Yesterday I had a minor--ok, a really big--freakout about my lenten sacrifice. Was I giving up enough? Was I really showing my faith in Christ if I wasn't giving up the things that I am addicted to? I called my mom last night to run the whole thing by her, and while that helped to calm my heart and mind, I was still uneasy about my decision to give up Twitter and flavored water. I felt like it wasn't enough.
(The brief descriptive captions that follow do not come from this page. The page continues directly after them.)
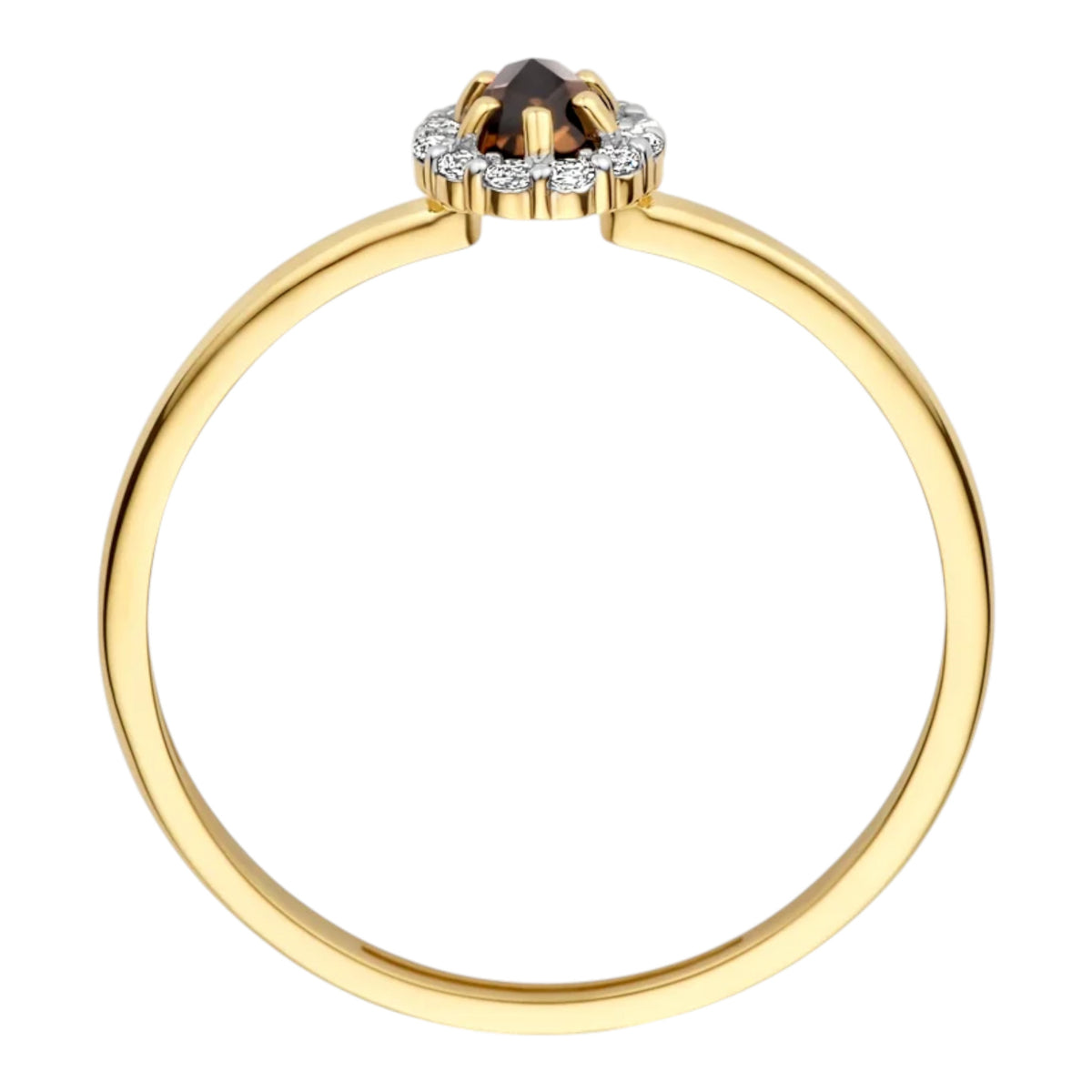 Ring 585er Gelbgold mit Rauchquarz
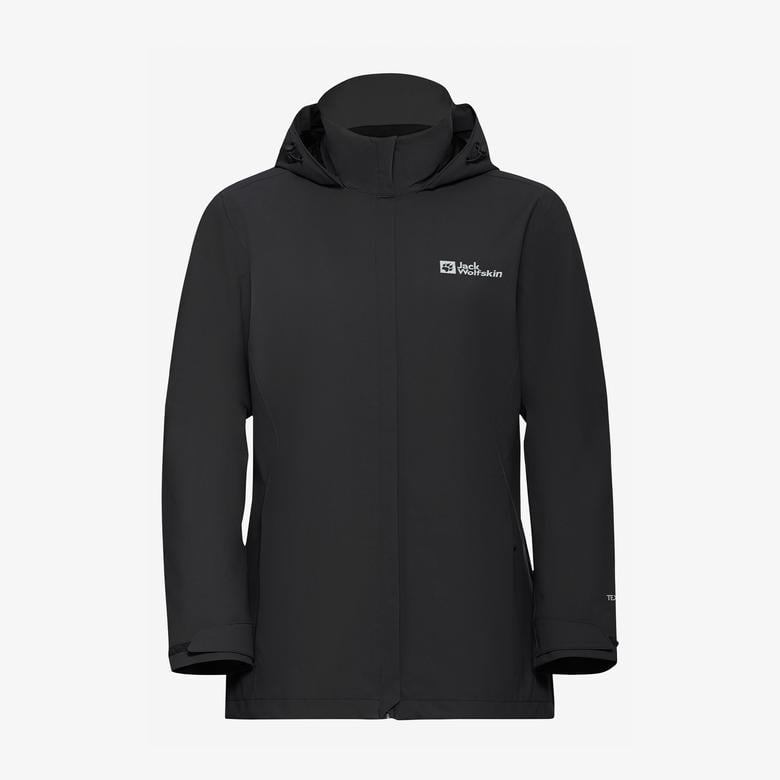 Jack Wolfskin Trailtime 2L Kadın Siyah Outdoor Ceket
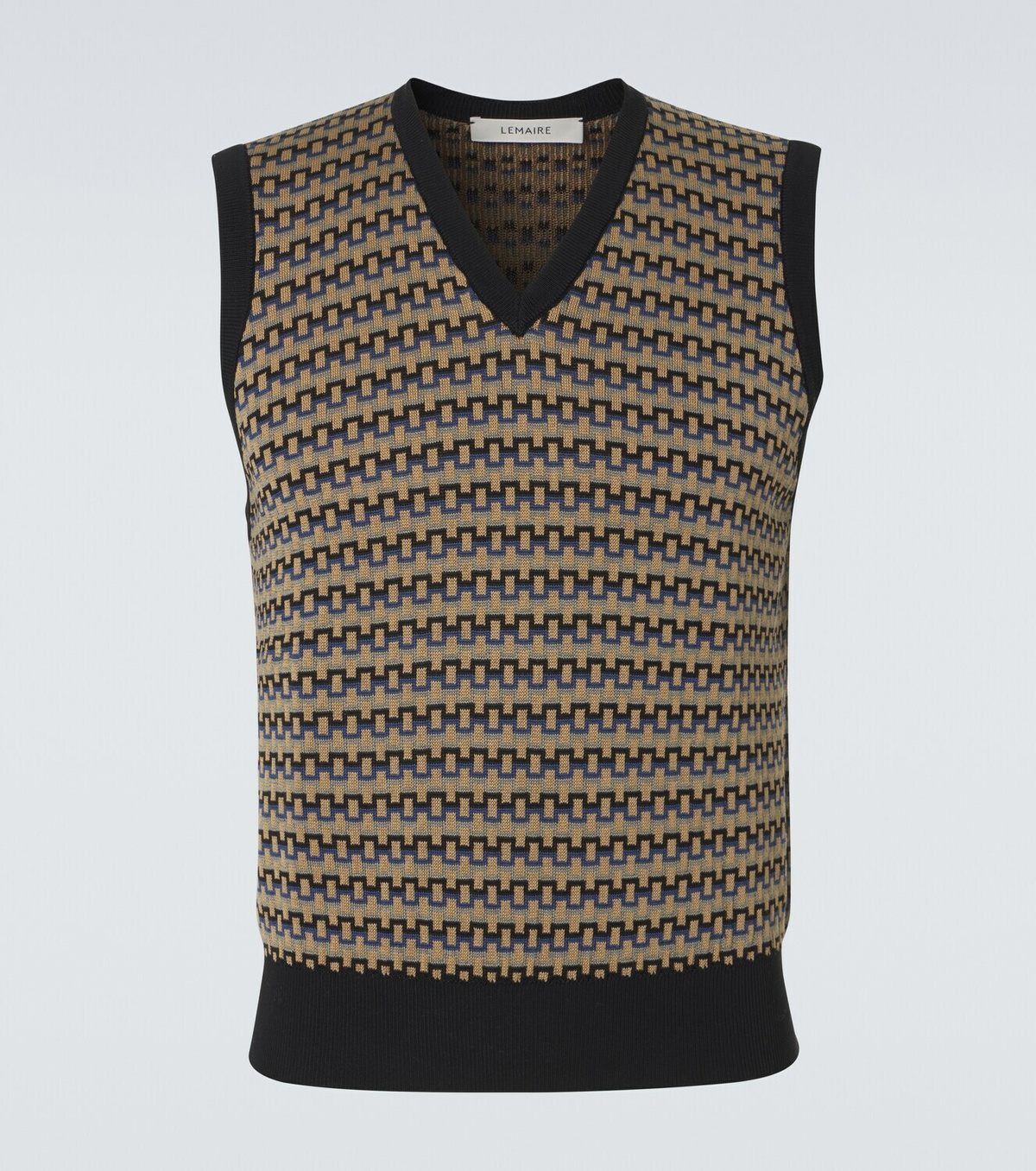 Lemaire Cotton jacquard sweater vest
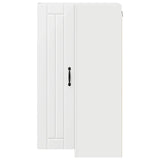 Wall Corner Cabinet LUCCA White 57 x 57 x 100 cm 885165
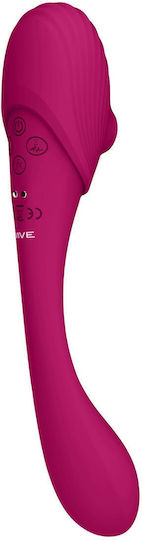 Vive Mirai Double Ended Pulse Wave & Air Stimulating Doppelter Vibrator 29cm Rosa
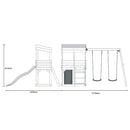 Aire de jeux ClassicPlay Easy avec double balançoire et toboggan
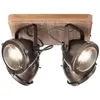 Brilliant CARMEN WOOD - Plafondlamp - Bruin;Zilvergrijs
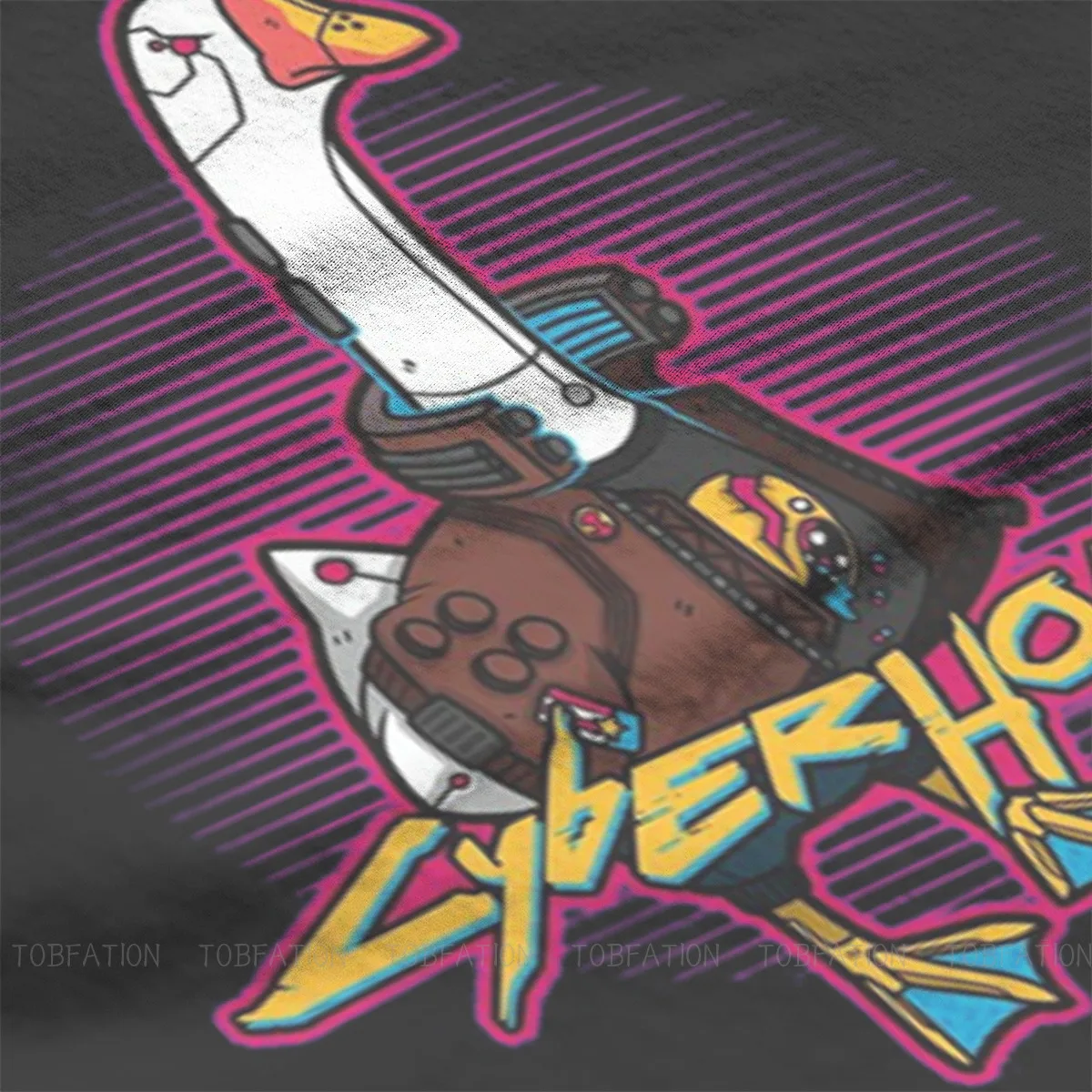 CYBERHONK Man's TShirt Untitled Goose Honk Bell Game Internet meme Crewneck Short Sleeve Fabric T Shirt Humor Gift Idea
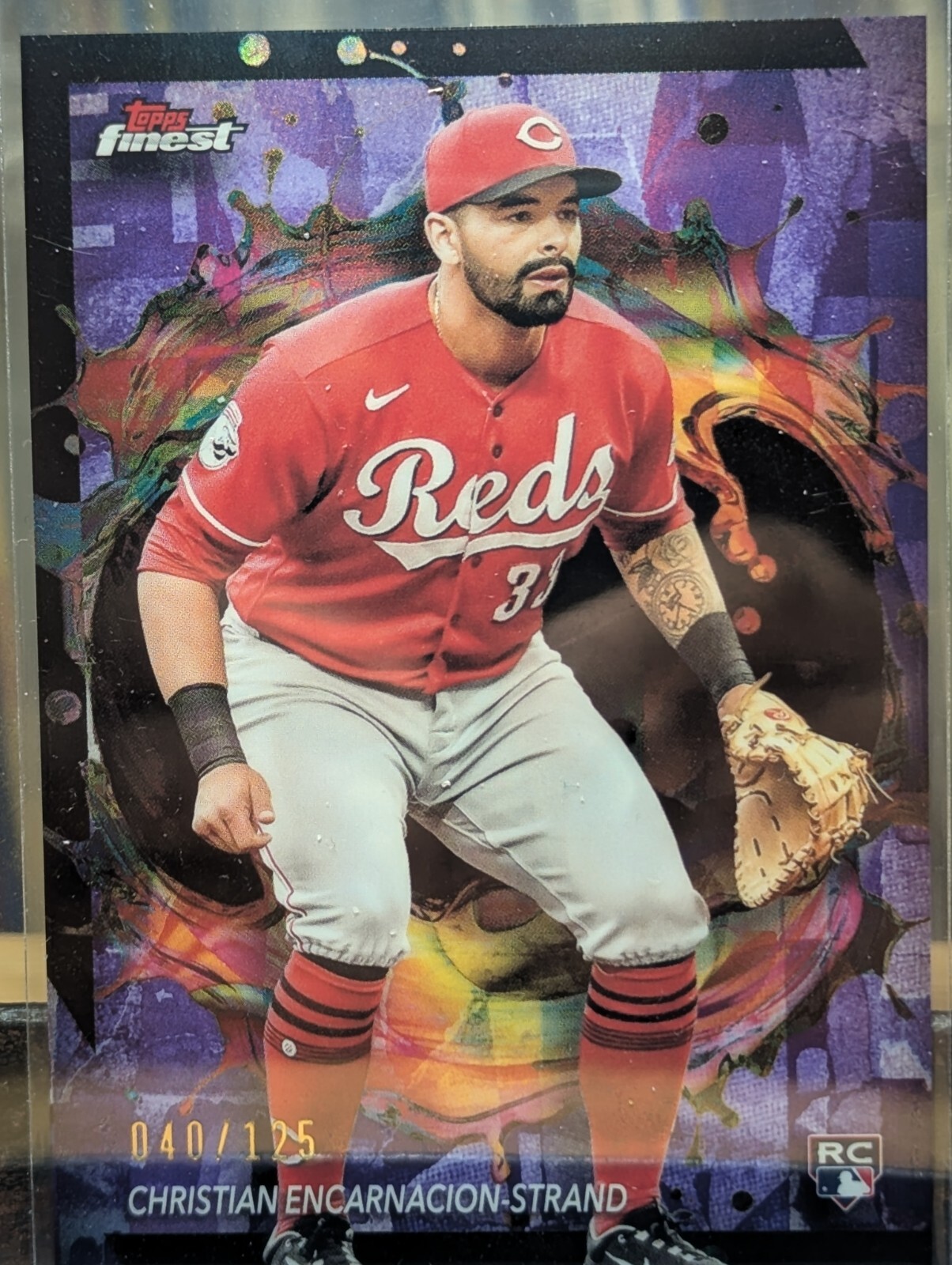2024 Topps Finest Christian Encarnacion-Strand RC #257 Rare Purple 40/125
I got my reassurance that those two things are enough this afternoon. Today was an amazingly beautiful day! We're talking sunny, no clouds in sight, and 75 degrees. B-e-a-utiful! I went to Starbucks (shocker, I know) to celebrate the gorgeous weather and while I was standing there waiting for my drink, I had the urge to tweet about the great weather and the Starbucks about to be in my hand. Then, later when I was sitting on the front lawn doing homework, I wanted to tweet about the low hum of country music coming from the fraternity across the street and the sun streaming down on my skin. It was a strange feeling. I gave up Twitter as an alternative to Facebook because I need Facebook for school and my internship. I know I'm not as addicted to Twitter as I am to Facebook; I didn't event think I was addicted to Twitter. The desires that I felt this afternoon to tweet, answered my question from yesterday. My sacrifices are enough.
The best part is that every time I wanted to tweet today and I realized that I couldn't, an idea popped into my head: who cares? Who cares what I have to say or what I'm doing? It cracks me up that I became addicted to something that serves very little purpose other than to inform people about my life, which they probably have no interest in. Too funny!